Broad-framing China + India
The demographic sequencing of their respective "rise" fates them together
A solid piece from the Economist echoing a great deal of what I said yesterday to those Indian CEOs whom I briefed: the business imperative for trade and investment integration between China and India will inevitably overwhelms the natural rivalry.
Inconceivable, I know, and yet it will unfold.
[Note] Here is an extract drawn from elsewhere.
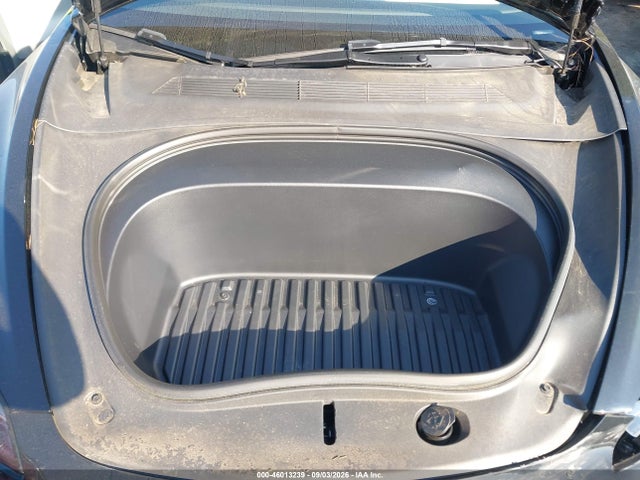 Продажа на аукционе авто 2025 Tesla Model 3 Long Range Rear-wheel Drive/standard Rear-wheel Drive, vin: 5YJ3E1EA3SF984089, номер лота: 46013239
Ask an Indian diplomat about relations with China and they will repeat a well-rehearsed mantra: there can be no return to normality until peace is restored on their disputed Himalayan border. That has been the official line for most of the time since 2020, when a deadly clash occurred there between Indian and Chinese troops. On the face of it, India’s stance is a rejection of China’s suggestion that the two countries should set aside the dispute, which has pushed India closer to America, and focus on areas of mutual interest.
The border controversy is a proxy, of course, for deeper Indian fears of Chinese encirclement through both Beijing’s “string of pearls” military-facility construction scheme and the broader Belt and Road Initiative.
If you’re sitting in the middle of all that activity, you’d feel surrounded too.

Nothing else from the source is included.